Huntington Theatre Co. Announces 2010-2011 Productions
By: Gabrielle Sierra
The Huntington Theatre Company will open its 29th season with the great American stage comedy, Moss Hart and George S. Kaufman's You Can't Take It With You, pending the conclusion of negotiations for a transfer to Broadway. Tony Award-winning director Anna Shapiro (August: Osage County) will direct the production, which is scheduled to run at the Huntington's mainstage, the Boston University Theatre from September 24 through October 24 before opening on Broadway in November 2010 at a theatre to be announced. The Huntington will also produce the Pulitzer Prize-winning Off Broadway smash Ruined by the acclaimed Lynn Nottage (Intimate Apparel, Fabulation) at the B.U. Theatre in winter 2011 (dates to be announced).

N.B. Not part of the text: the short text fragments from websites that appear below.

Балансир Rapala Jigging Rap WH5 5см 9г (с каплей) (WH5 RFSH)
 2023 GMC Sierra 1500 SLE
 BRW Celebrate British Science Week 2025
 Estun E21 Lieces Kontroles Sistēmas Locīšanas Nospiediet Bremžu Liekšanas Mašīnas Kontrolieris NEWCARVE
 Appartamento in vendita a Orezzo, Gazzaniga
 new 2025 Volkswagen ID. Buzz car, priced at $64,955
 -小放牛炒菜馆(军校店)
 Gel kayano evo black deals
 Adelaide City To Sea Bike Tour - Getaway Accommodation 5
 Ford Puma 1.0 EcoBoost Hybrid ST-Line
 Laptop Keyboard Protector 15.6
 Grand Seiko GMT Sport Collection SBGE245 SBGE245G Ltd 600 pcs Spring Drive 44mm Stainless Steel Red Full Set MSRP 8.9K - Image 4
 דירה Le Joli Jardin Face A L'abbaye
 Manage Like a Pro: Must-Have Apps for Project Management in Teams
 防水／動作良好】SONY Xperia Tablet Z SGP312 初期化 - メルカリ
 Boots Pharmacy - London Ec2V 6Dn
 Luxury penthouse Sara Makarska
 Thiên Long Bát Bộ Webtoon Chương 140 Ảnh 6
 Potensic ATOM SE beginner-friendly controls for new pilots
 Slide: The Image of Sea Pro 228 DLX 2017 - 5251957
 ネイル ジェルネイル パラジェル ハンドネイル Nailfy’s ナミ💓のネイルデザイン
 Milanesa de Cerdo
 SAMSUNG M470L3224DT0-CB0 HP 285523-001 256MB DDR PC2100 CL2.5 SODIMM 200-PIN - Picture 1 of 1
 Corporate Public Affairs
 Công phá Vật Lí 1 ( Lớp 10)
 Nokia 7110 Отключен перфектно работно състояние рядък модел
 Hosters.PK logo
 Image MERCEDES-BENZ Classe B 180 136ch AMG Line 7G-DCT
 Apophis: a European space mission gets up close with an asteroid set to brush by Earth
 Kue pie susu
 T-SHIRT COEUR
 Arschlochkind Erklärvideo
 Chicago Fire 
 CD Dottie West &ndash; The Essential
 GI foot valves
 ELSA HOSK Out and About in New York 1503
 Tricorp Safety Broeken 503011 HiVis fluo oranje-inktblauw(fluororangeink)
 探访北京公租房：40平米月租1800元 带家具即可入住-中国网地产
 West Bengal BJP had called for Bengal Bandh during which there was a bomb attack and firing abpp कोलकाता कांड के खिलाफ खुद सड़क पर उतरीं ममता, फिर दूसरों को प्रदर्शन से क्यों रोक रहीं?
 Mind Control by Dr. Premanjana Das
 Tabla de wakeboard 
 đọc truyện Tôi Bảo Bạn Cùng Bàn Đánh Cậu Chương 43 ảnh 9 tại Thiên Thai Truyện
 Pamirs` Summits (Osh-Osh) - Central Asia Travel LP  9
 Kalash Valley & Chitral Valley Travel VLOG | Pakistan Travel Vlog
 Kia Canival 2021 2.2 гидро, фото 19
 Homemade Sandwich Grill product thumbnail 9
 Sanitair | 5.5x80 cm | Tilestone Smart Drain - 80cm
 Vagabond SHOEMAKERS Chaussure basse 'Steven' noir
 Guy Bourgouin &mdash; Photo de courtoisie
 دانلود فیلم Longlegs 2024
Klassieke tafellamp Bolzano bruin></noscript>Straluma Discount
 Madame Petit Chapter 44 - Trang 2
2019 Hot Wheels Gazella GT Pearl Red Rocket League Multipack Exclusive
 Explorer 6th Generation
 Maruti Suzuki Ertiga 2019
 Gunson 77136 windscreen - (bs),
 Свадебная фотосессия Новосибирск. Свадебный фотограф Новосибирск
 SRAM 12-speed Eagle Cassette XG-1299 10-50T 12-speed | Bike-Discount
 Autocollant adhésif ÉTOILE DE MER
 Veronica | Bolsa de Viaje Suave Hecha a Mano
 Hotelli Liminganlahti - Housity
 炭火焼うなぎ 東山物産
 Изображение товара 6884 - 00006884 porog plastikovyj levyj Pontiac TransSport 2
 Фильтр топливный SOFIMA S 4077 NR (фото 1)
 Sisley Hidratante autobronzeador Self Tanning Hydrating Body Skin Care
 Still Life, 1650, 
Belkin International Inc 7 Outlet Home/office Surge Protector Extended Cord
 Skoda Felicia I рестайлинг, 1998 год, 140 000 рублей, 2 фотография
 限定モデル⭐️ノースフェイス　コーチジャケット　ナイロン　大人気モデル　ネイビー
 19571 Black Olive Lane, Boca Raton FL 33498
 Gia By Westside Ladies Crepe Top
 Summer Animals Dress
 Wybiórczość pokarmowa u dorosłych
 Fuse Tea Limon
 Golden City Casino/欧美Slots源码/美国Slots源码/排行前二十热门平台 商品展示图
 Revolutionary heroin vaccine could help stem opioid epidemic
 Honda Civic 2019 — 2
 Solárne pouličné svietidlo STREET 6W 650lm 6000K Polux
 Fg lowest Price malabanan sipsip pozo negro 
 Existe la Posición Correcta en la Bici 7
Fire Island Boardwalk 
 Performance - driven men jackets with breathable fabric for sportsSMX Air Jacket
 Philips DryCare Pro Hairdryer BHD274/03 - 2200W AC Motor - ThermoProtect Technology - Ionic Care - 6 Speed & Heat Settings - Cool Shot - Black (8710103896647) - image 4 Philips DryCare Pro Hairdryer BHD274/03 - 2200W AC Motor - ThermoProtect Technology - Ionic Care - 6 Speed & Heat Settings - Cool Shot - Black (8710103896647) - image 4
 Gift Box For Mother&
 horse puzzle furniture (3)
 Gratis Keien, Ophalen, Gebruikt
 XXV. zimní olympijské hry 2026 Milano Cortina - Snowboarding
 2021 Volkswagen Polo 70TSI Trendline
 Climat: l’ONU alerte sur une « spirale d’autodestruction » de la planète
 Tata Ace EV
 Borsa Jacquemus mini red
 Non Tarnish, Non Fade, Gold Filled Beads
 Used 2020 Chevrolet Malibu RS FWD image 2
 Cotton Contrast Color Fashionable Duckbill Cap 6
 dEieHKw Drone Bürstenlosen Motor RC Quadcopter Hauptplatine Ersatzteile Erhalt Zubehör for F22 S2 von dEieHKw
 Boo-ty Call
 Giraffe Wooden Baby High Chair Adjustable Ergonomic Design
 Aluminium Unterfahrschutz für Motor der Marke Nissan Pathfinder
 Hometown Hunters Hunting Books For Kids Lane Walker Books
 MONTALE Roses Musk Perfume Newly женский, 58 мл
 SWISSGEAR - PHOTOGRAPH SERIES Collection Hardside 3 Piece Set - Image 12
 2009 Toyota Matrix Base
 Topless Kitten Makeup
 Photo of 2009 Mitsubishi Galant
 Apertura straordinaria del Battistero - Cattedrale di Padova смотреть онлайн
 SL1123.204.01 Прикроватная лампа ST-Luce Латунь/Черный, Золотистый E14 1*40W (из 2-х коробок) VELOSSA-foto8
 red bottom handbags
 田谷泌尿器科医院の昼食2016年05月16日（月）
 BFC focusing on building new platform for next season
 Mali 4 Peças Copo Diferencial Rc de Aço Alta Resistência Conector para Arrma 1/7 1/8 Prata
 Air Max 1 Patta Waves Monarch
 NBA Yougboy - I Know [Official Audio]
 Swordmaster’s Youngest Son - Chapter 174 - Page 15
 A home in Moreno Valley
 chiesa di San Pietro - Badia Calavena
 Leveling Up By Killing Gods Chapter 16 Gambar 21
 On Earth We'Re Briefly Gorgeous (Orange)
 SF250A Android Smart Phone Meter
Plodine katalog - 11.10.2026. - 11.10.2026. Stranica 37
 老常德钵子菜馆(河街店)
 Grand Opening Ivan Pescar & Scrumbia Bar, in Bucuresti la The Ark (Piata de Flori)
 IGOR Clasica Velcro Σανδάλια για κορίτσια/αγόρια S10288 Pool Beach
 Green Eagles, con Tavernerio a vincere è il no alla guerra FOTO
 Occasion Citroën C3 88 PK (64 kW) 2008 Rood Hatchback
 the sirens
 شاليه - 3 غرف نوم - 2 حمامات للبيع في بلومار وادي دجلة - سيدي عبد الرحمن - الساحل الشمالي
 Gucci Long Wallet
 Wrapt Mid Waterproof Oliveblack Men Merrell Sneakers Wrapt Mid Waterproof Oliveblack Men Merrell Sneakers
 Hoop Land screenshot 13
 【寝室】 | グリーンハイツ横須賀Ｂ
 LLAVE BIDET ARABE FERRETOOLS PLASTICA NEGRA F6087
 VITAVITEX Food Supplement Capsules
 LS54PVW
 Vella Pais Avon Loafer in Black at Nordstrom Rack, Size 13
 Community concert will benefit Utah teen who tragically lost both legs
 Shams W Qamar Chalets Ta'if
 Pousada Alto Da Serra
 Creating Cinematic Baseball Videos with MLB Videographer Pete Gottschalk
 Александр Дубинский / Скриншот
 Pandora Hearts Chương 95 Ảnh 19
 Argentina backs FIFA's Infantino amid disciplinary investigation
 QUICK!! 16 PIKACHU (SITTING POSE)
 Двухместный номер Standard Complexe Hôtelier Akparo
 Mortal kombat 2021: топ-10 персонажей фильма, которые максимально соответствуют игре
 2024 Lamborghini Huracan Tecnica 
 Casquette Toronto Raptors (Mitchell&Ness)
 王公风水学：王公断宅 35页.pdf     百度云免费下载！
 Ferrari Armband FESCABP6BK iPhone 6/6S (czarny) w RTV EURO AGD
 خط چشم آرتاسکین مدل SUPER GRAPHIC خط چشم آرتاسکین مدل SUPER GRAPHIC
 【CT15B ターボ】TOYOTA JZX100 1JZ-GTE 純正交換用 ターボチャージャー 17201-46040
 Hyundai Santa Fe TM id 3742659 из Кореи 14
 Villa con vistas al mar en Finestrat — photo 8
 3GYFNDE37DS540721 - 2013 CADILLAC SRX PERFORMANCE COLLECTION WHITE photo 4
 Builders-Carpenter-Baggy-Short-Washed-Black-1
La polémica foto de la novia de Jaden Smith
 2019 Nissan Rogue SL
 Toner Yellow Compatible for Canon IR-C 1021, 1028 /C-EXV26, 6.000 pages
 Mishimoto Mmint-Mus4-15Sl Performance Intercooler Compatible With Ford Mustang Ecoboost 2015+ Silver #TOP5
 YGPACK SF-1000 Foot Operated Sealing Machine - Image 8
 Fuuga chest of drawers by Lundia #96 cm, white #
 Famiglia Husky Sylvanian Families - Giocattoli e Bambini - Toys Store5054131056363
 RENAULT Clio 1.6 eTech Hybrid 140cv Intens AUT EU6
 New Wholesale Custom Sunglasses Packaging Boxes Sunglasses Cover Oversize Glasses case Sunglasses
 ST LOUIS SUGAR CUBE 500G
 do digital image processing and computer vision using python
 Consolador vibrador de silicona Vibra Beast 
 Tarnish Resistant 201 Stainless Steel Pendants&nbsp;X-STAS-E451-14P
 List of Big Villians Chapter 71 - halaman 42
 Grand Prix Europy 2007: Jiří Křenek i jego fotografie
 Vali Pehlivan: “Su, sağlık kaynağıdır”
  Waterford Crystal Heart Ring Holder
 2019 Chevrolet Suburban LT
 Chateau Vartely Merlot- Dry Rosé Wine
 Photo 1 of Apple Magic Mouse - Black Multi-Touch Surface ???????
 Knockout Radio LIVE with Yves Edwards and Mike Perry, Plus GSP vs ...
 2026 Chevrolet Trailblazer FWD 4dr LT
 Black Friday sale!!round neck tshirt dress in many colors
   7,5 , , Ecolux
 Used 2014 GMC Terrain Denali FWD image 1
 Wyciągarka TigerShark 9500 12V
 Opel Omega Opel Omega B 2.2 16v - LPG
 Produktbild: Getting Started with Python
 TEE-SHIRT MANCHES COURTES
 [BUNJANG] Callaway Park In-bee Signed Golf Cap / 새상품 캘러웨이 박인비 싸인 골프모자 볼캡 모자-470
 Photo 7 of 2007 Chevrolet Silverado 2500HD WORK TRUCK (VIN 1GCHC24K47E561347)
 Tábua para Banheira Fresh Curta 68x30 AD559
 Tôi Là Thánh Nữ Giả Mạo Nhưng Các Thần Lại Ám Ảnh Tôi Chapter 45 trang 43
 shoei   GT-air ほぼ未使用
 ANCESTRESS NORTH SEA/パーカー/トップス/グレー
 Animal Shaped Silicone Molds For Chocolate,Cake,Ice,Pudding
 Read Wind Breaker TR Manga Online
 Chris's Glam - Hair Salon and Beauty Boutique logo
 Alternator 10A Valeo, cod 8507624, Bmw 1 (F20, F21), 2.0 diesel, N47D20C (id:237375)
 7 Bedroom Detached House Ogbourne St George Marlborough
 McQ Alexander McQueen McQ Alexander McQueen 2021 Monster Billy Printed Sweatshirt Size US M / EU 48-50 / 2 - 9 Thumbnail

Called "a spontaneous piece of hilarity" by The New York Times, You Can't Take It With You depicts the colorful, freethinking Sycamore family and the merry mayhem that ensues when their daughter's fiancé brings his conservative, straight-laced parents to the Sycamore residence for dinner on the wrong night. Literal and figurative fireworks erupt over the course of the evening. You Can't Take it With You will continue the Huntington's multi-year exploration of American comedy that begins in the 2009-2010 Season with Gina Gionfriddo's Pulitzer Prize finalist Becky Shaw (March 5 - April 4, 2010).The Huntington Theatre Company is Boston's largest and most popular theatre company, hosting 64 Tony Award-winning artists, garnering 36 Elliot Norton Awards, and sending over a dozen shows to Broadway since its founding in 1982. In July 2008, Peter Dubois became the Huntington's third artistic leader and works in partnership with longtime Managing Director Michael Maso. In residence at and in partnership with Boston University, the Huntington is renowned for presenting seven outstanding productions each season, created by world-class artists and the most promising emerging talent, and reaching an annual audience of over 130,000. The company has premiered plays by Pulitzer Prize, Academy Award, and Tony Award-winning luminaries such as August Wilson and Tom Stoppard, as well as rising local literary stars such as Melinda Lopez and Ronan Noone. The Huntington has transferred more productions to Broadway than any other theatre in Boston, including the Broadway hit and Tony Award-winner Alfred Hitchcock's The 39 Steps. In 2004, the Huntington opened the state-of-the-art Stanford Calderwood Pavilion at the Boston Center for the Arts, which includes 370-seat and 200-seat theatres to support the company's new works activities and to complement the company's 890-seat, Broadway-style main stage, the Boston University Theatre. The Huntington is a national leader in the development and support of new plays, producing more than 50 New England, American, or world premieres in its 27-year history. The Huntington's nationally-recognized education programs have served more than 200,000 middle school and high school students in individual and group settings and community programs bring theatre to the Deaf and blind communities, the elderly, and other underserved populations in the Greater Boston area.